## Exercise directions
Starting at the line that contains "美式正肩V领紧身中袖t恤女2", write out every line through the end of the records exactly as it stands, and leave out all pictures.

## Information provided
━━━

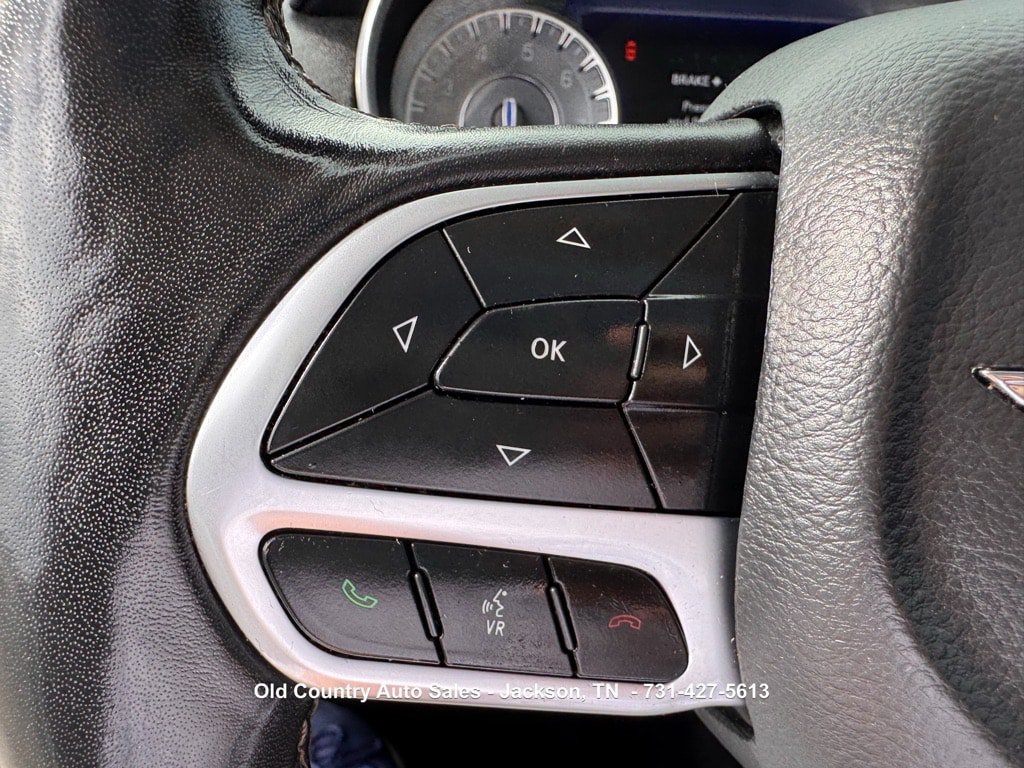 Used 2020 Chrysler 300 Limited RWD image 23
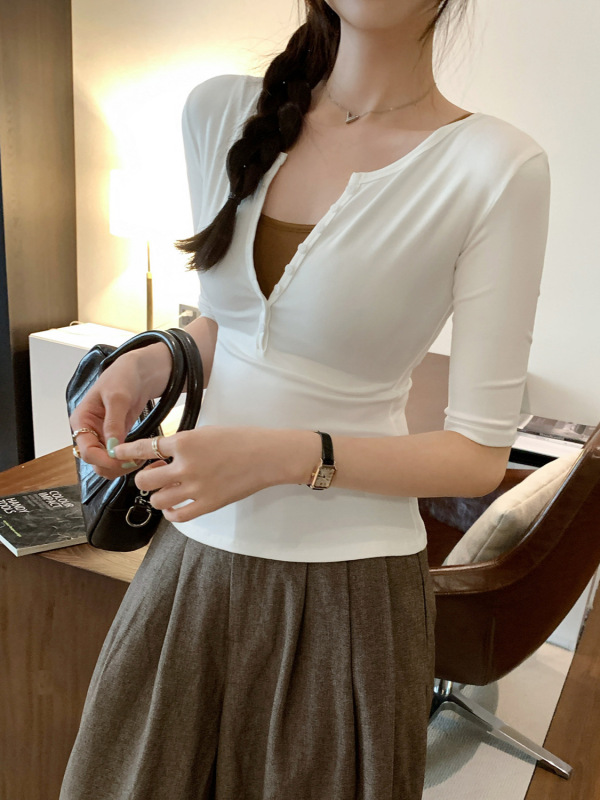 美式正肩V领紧身中袖t恤女2025夏季纯欲修身显瘦气质内搭辣妹上衣|undefined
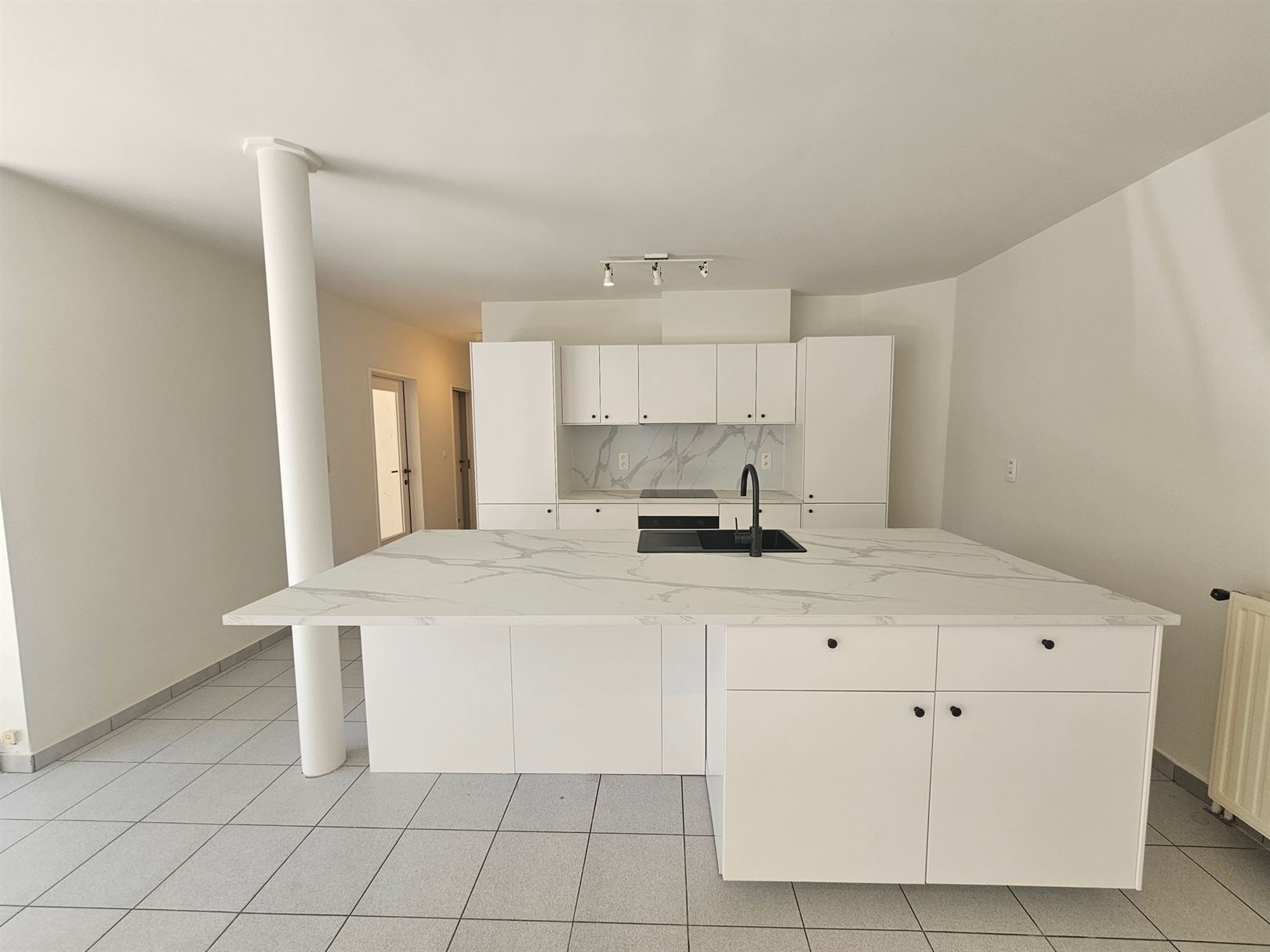 Instapklaar gelijkvloers appartement met stadstuintje! - foto 4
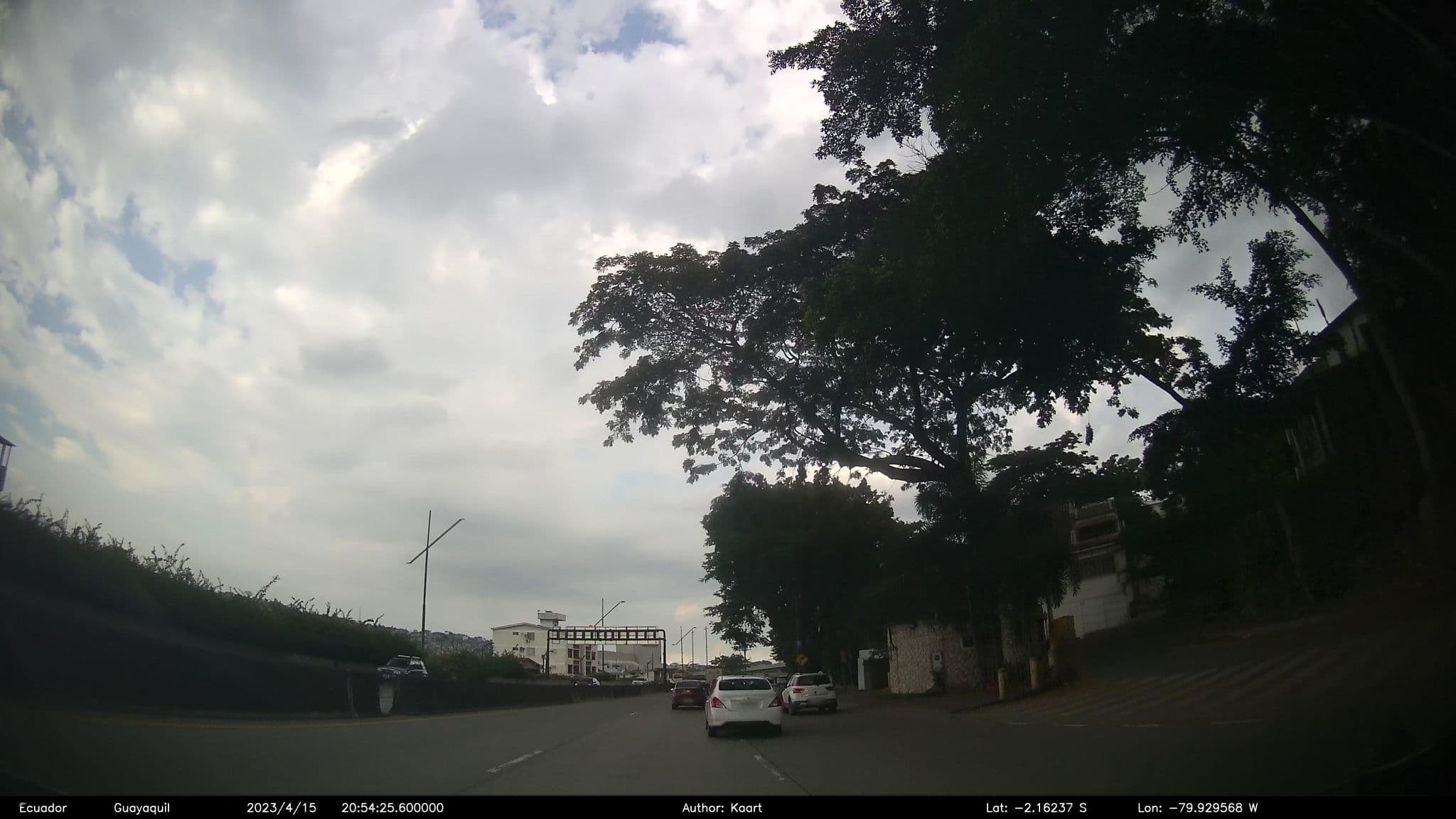 Street view near Cimas del Bim Bam Bum, Guayaquil — © kaart_2 (CC BY-SA · Mapillary)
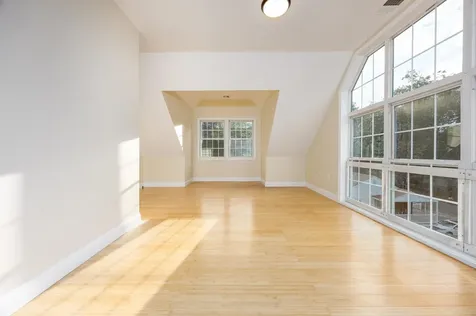 136 Shore Drive Salem NH 03079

━━━

## Result for this exercise
 美式正肩V领紧身中袖t恤女2025夏季纯欲修身显瘦气质内搭辣妹上衣|undefined
 Instapklaar gelijkvloers appartement met stadstuintje! - foto 4
 Street view near Cimas del Bim Bam Bum, Guayaquil — © kaart_2 (CC BY-SA · Mapillary)
 136 Shore Drive Salem NH 03079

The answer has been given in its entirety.